Теперь я видел, что и здесь наведены порядок и чистота. Повсюду ликвидирована пыль, экран компьютера поблескивает, как новый, книги и на столике и на полках аккуратно расставлены, фломастеры и шариковые авторучки собраны, сложены в коробку, отдельные листки бумаги и журналы сложены в одну стопку, в другую – коробки с компакт-дисками, в третью – магнитофонные кассеты. Оставалось лишь надеяться, что Кира не добралась до вентиляционной решетки – до моего заветного волшебного окошка. Не потому ли я с такой яростью напустился на нее? Даже если, протирая пыль и отодвигая книги, она и обнаружила бы отверстие, у нее не хватило бы фантазии сообразить о его истинном предназначении. И уж подавно ей было не догадаться, что, просунув указательный палец сквозь решетку в верхнем углу, можно нащупать рычажок и распахнуть стальные шторки, открывающие вид в соседнюю комнату…
Кира, похоже, обиделась смертельно. Теперь, чего доброго, оскорбленная в лучших чувствах, хлопнет дверью, исчезнет… И оставит меня в покое. Нет, я не стал бы ее удерживать.
Однако она успокоилась довольно быстро. Если и сокрушалась, то лишь для виду.
– Как только язык повернулся сказать такое? Мамочкина душа еще здесь! Она все слышит и видит. Ой, как ей неприятно, как она страдает оттого, что ее «Сиёза» так себя ведет в такое время!
Я скрепился у себя за перегородкой и упорно молчал. Это действительно глупо – переживать из-за того, что кто-то произносит слово «мама» или того пуще «мамочка». Пусть говорит, что хочет.
– Вот уж не думала, что ты окажешься таким высокомерным. Ну что ж, мы тебе мешать не будем. Раз мы здесь лишние. Извини. Кажется, тут найдется, кому за тобой приглядывать. Посмотрим, что из этого выйдет!

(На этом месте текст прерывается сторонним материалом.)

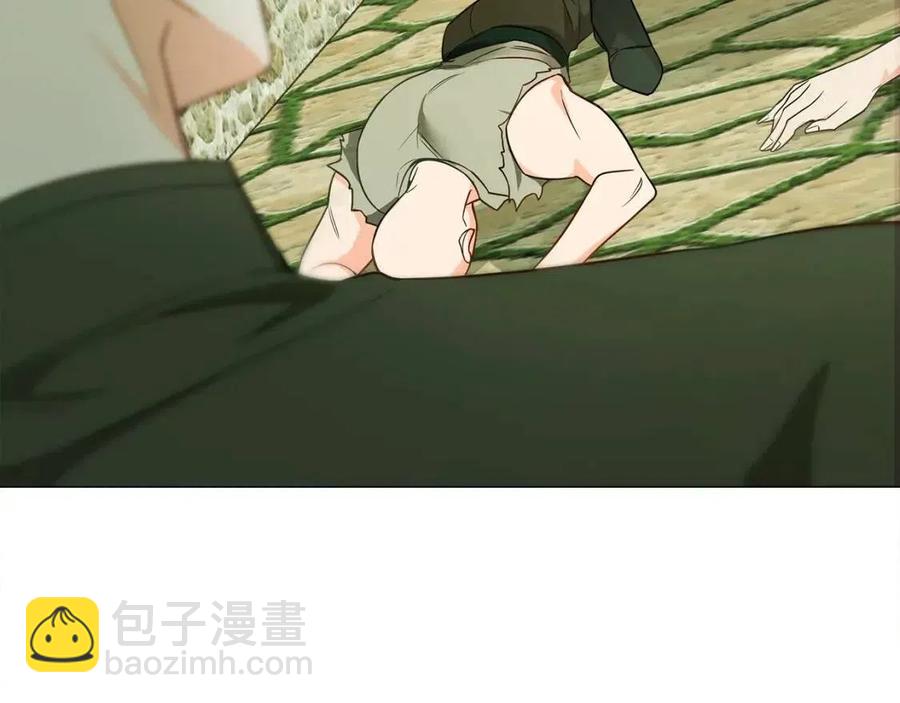 選個美男做爸爸 - 第39話 女王的告白(3/5) - 7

Последнее замечание показалось мне более чем обидным. Не старуху же Цилю она имела в виду. Конечно, Наталью. Какое ее дело?!
– Когда мы, наконец, сядем за стол, мама? – услышал я голос Ванды. – Вот еще прибор!

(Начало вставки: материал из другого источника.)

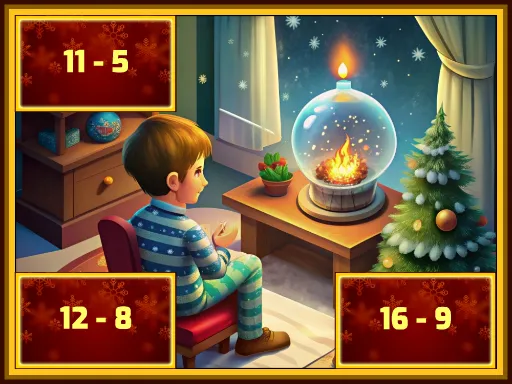 The Calculus of Ground Types Weak To A Structural Breakdown of Damage Calcs and Usage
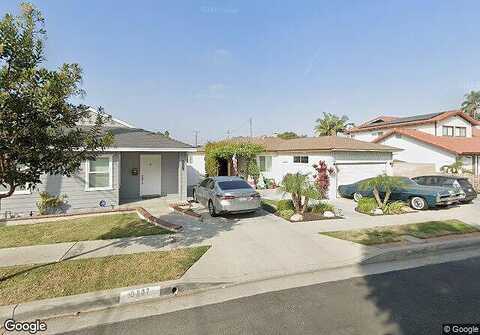 Stamps, DOWNEY, CA 90240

– Ничего не нужно, Ванда. Нас вот выгоняют. Ему, оказывается, наше общество неприятно.
– Правда, братик? – засмеялась Ванда. – Ну, это можно понять, мама. Я же говорила, не нужно ему сейчас мешать. Ему хочется побыть одному. Неужели ты не понимаешь!
– Нет, это просто эгоизм и высокомерие! Он смотрит на нас и думает: «Зачем мне здесь эти несчастные провинциалы! Я ведь столичная штучка! Мне с ними и говорить не о чем…» Как нехорошо, Сереженька! А если Ванде не посчастливилось родиться в этом московском доме, где и запашок из мусорных ведер как-то поучительнее, благороднее? Разве она виновата? А ей, может быть, тоже хотелось бы чувствовать себя в центре мира!
Я не спорил.
Все верно: я действительно всю жизнь прожил здесь, в этом доме, в этой квартире. В самом центре Москвы. В самом центре мира. Если куда и выезжал, то не дальше Подмосковья. Но положение вещей было для меня самым привычным. Не то чтобы я ставил себя выше кого бы то ни было. Да и насчет благоухающих помойных ведер – спорно.
В то же время я, кажется, действительно чувствовал что-то подобное. Чувствовал себя урожденным счастливцем. Своего рода естественное подтверждение моей исключительности. И действительно – в центре мира. Все стремились сюда.
И если сравнивать себя с другими, с Вандой, к примеру, я бы ни за что не согласился поменяться с ней местами. Да это и невозможно. Я был совершенно доволен, кто я, и где я есть. Я никуда не стремился и ничего не хотел. Не стремился поменять место жительства, не хотел быть никем другим, кроме как самим собой. Это другие стремились и хотели. И, значит, были недовольна. Что я-то мог с этим поделать? Что об этом и толковать!